When I was learning to use Evosuite, I wrote some wrong methods. In one of them, for example, a method of class A
directly calls an abstract method of interface B
, and EvoSuite generated a mock for B
to avoid the case failing:
import org.junit.Test;
import static org.junit.Assert.*;
import static org.evosuite.shaded.org.mockito.Mockito.*;
import MockTest.A;
import MockTest.B;
import org.evosuite.runtime.EvoRunner;
import org.evosuite.runtime.EvoRunnerParameters;
import org.evosuite.runtime.ViolatedAssumptionAnswer;
import org.junit.runner.RunWith;
@RunWith(EvoRunner.class) @EvoRunnerParameters(useVNET = true, separateClassLoader = true, useJEE = true)
public class A_ESTest extends A_ESTest_scaffolding {
@Test(timeout = 4000)
public void test0() throws Throwable {
A a0 = new A();
B b0 = mock(B.class, new ViolatedAssumptionAnswer());
doReturn((String) null).when(b0).get(anyInt());
String string0 = a0.test(b0);
assertNull(string0);
}
}
For a method where a divide by zero may occur, the EvoSuite-generated test case even catches an exception to ensure that the test case passes:
import org.junit.Test;
import static org.junit.Assert.*;
import static org.evosuite.runtime.EvoAssertions.*;
import org.evosuite.runtime.EvoRunner;
import org.evosuite.runtime.EvoRunnerParameters;
import org.junit.runner.RunWith;
import test.Case2;
@RunWith(EvoRunner.class) @EvoRunnerParameters(useVNET = true, separateClassLoader = true, useJEE = true)

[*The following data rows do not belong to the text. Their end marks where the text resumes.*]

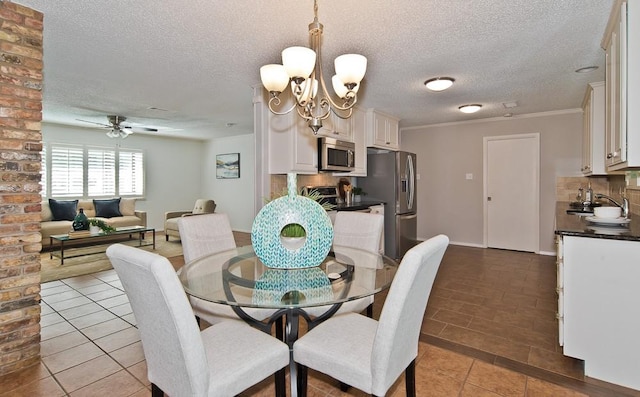 tiled dining room featuring crown molding, a textured ceiling, ceiling fan with notable chandelier, and a sink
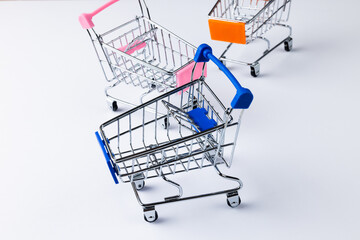 Composition of shopping carts and copy space on white background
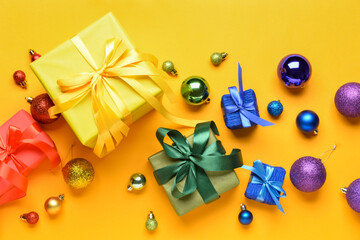 Christmas gifts and decor on color background. LGBT concept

public class Case2_ESTest extends Case2_ESTest_scaffolding {
@Test(timeout = 4000)
public void test8() throws Throwable {
Case2 case2_0 = new Case2();
// Undeclared exception!
try {
case2_0.add(6, 0);
fail("Expecting exception: ArithmeticException");
} catch(ArithmeticException e) {
//
// / by zero
//
verifyException("test.Case2", e);
}
}
}
Are EvoSuite's automatically generated test cases always passing, as in these examples? How can EvoSuite be made to generate test cases that can fail, and thus can be directly used by developers?